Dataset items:

+++

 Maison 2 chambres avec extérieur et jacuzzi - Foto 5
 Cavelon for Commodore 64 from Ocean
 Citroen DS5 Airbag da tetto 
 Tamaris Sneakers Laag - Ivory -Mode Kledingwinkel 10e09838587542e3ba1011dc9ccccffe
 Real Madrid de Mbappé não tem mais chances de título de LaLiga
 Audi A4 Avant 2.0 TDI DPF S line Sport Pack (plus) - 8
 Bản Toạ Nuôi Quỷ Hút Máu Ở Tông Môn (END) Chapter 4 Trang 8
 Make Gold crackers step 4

+++

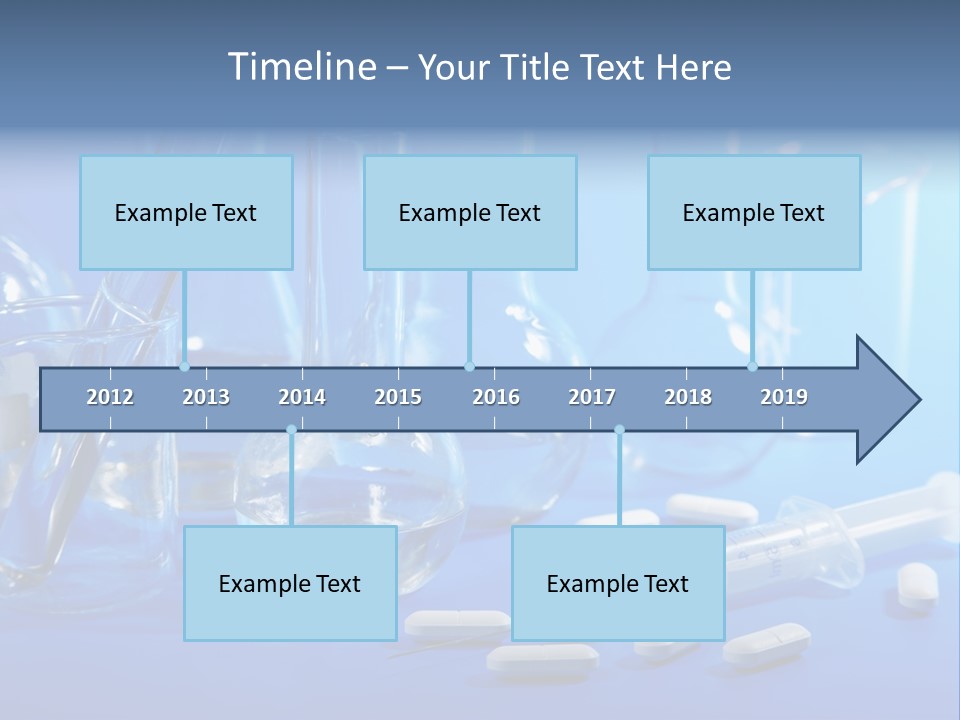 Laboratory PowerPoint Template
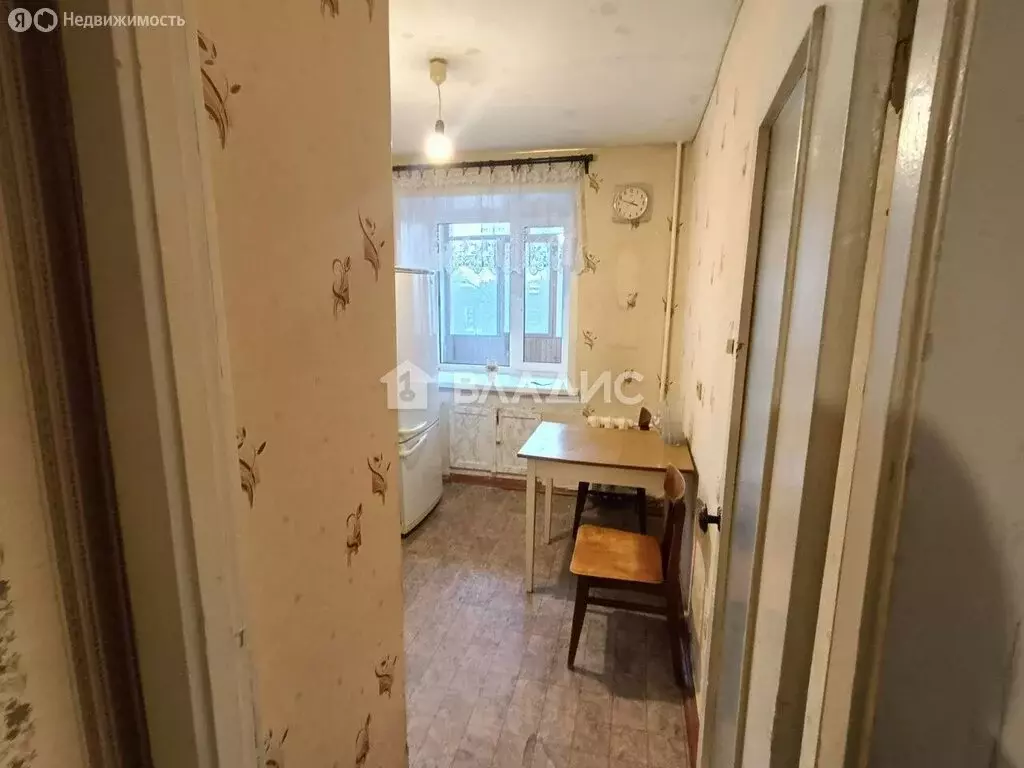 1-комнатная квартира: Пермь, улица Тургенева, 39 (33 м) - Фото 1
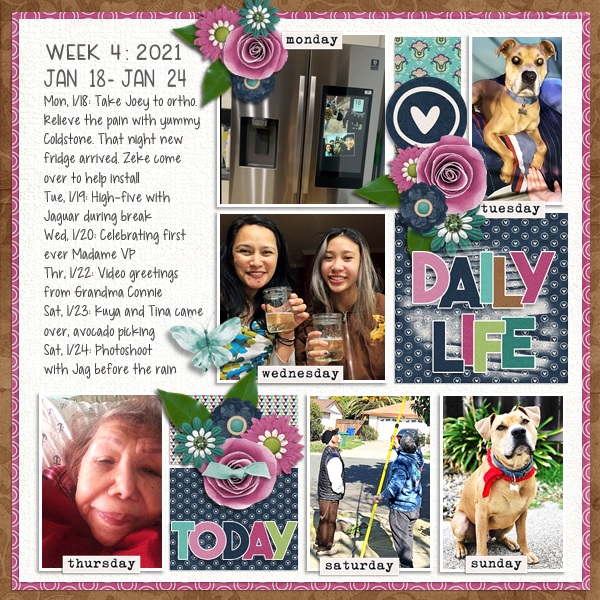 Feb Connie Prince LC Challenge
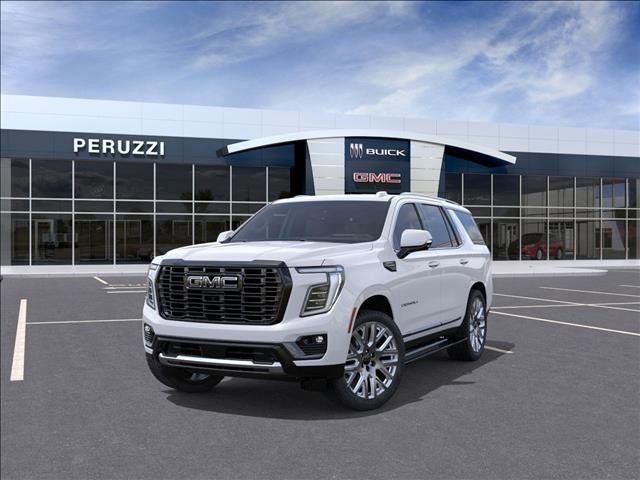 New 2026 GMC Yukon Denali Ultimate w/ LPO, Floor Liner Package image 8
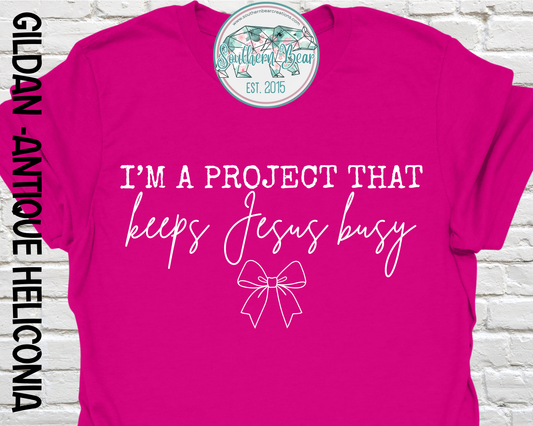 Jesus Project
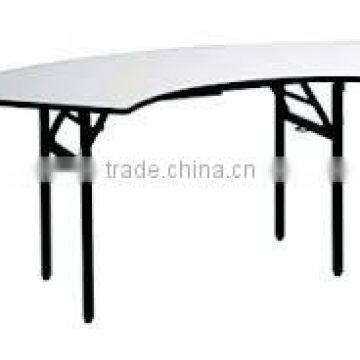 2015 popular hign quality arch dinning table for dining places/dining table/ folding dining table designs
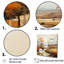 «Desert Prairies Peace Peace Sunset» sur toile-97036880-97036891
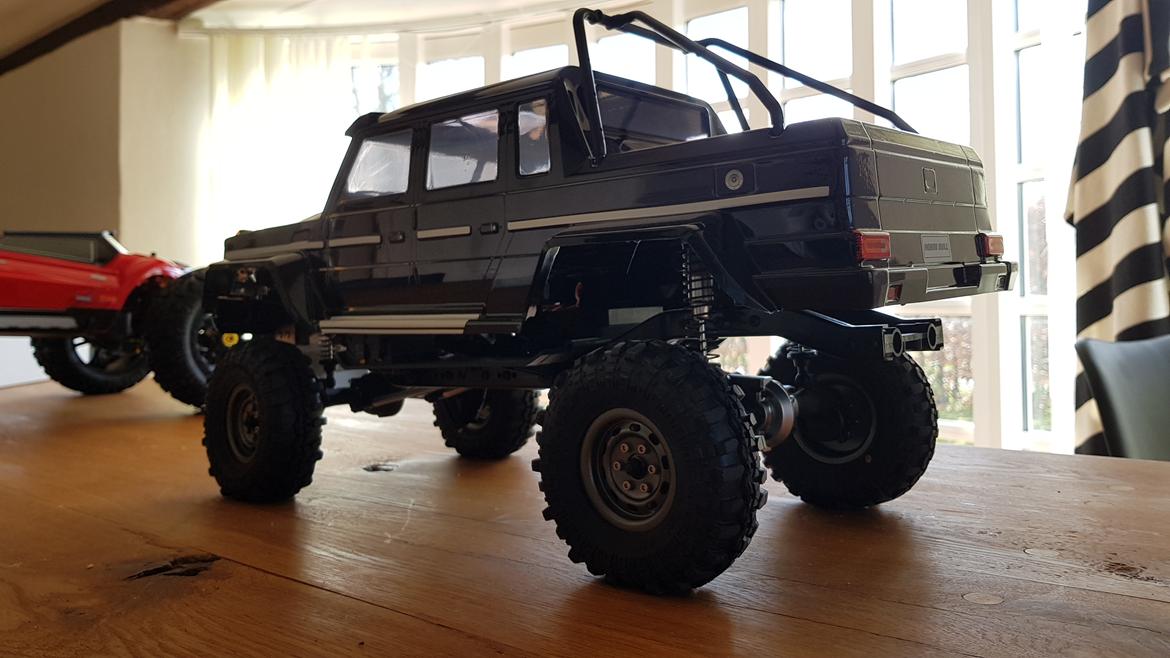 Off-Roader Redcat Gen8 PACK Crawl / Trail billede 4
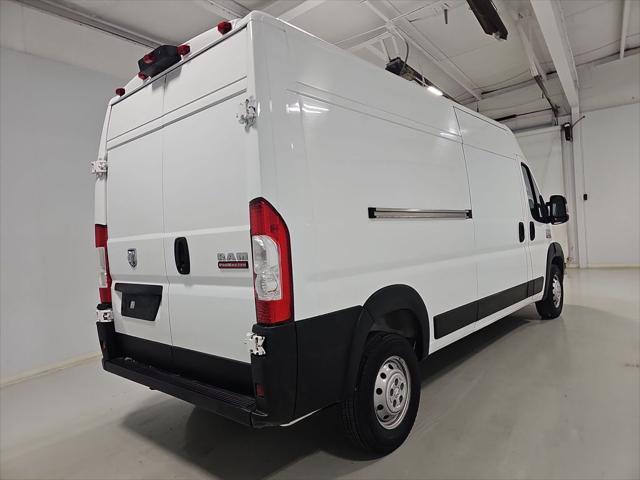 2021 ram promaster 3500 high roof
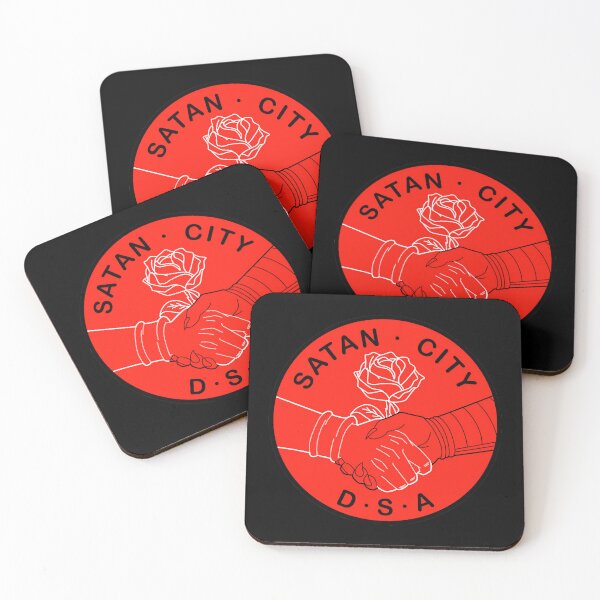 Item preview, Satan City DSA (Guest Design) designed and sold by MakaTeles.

+++

▶ About this exercise
Above are some records; quote exactly and only the lines that begin at the line containing "1-комнатная квартира: Пермь, улица" and stop after the line containing "Item preview, Satan", leaving out the pictures.

▶ Task result
 1-комнатная квартира: Пермь, улица Тургенева, 39 (33 м) - Фото 1
 Feb Connie Prince LC Challenge
 New 2026 GMC Yukon Denali Ultimate w/ LPO, Floor Liner Package image 8
 Jesus Project
 2015 popular hign quality arch dinning table for dining places/dining table/ folding dining table designs
 «Desert Prairies Peace Peace Sunset» sur toile-97036880-97036891
 Off-Roader Redcat Gen8 PACK Crawl / Trail billede 4
 2021 ram promaster 3500 high roof
 Item preview, Satan City DSA (Guest Design) designed and sold by MakaTeles.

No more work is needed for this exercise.